Before the ‘Pac-4’ schools begin their home renovation — if, in fact, they choose that option — the quartet must establish a budget. How much cash would Cal, Stanford, Oregon State and Washington State have available to offset expenses and attract expansion candidates?

The details are unknown. Less than two weeks after the collapse of the conference, the financial officers and general counsels are plowing through budgets, bank accounts and bylaws.

Which schools have voting rights and thus control the assets?

How significant are the liabilities?

What resources are available for the rebuild?

One revenue stream is clear: The remaining schools would own the NCAA Tournament units earned by the outgoing members.
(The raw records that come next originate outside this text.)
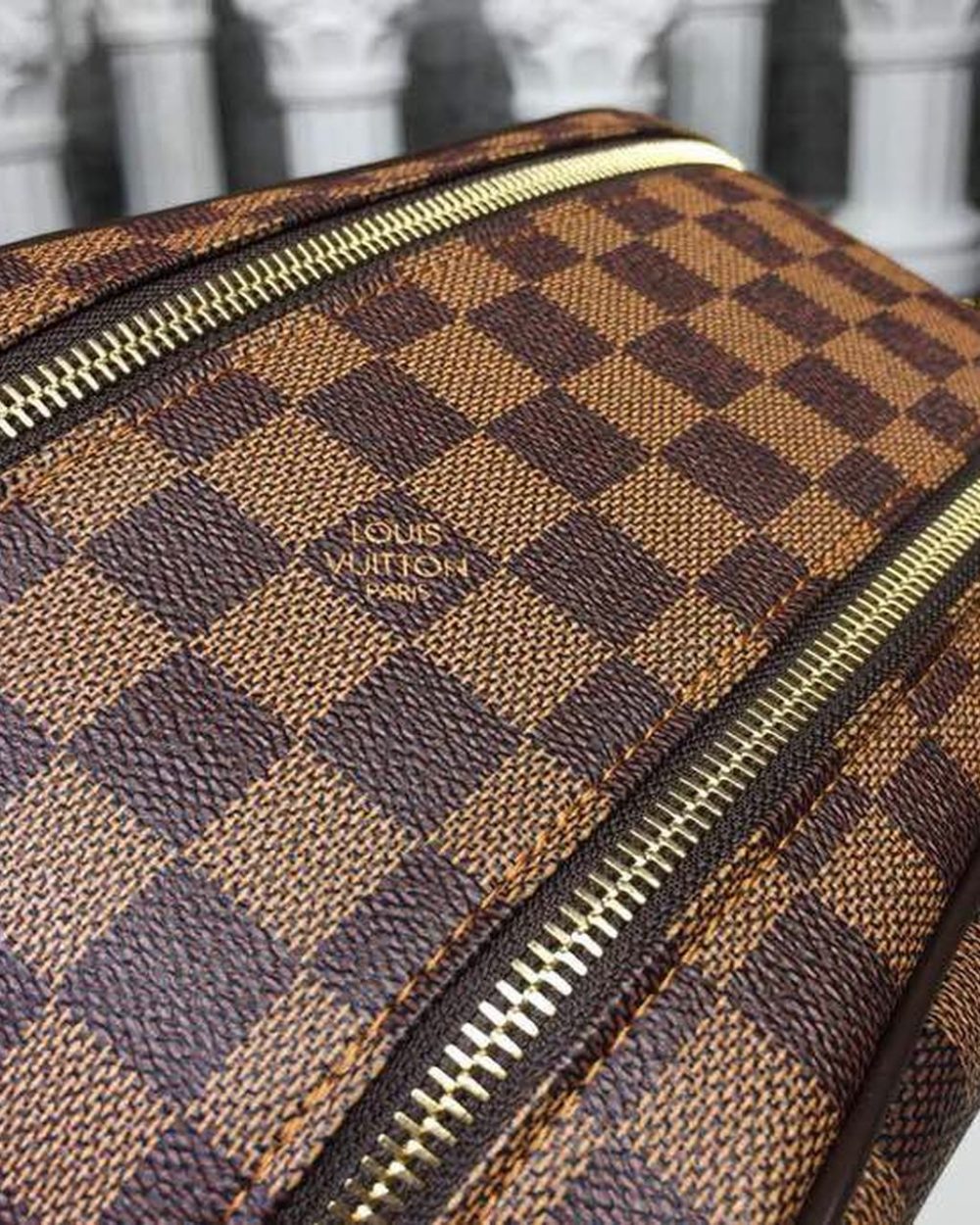 1:1 Replica Louis Vuitton LV King Size Toiletry Damier Ebene Canvas Luxury Bag For Women N47527 - 11in/28cm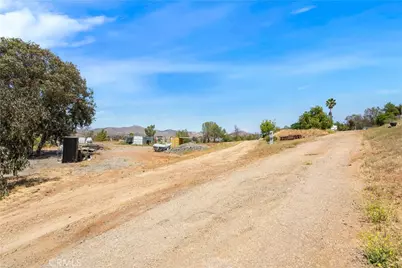 34900 Murrillo, Winchester, CA 92596 - Photo 17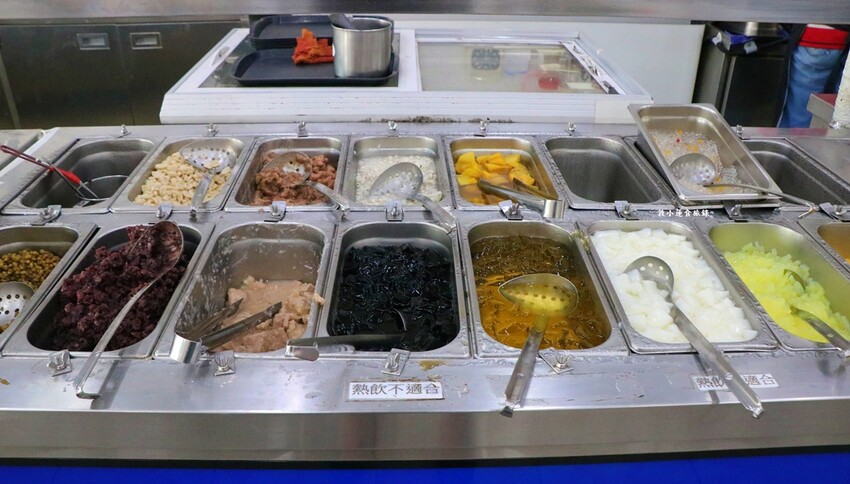 雪花冰哪裡吃?二十種配料任你選好吃便宜又大碗,二個人吃都很足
“Those shares stay with the conference,” Oregon State athletic director Scott Barnes said recently. “It’s one of the many valuable assets we have.”

Each game played by a conference in March Madness equals one unit. Those units translate to dollars and are paid out over a rolling six-year cycle through the NCAA Basketball Fund.

For now, let’s assume the NCAA distributions to the Pac-12 in the spring of 2024 will be split 12 ways, with the outgoing schools receiving equal shares. (Clarity on financial and administrative issues should come in the next few weeks.)

But the units earned won’t follow them out the door. All that cash will be left to the four remaining members, if they stick together. (At this point, it’s unclear what would happen to the units if the conference disbands.)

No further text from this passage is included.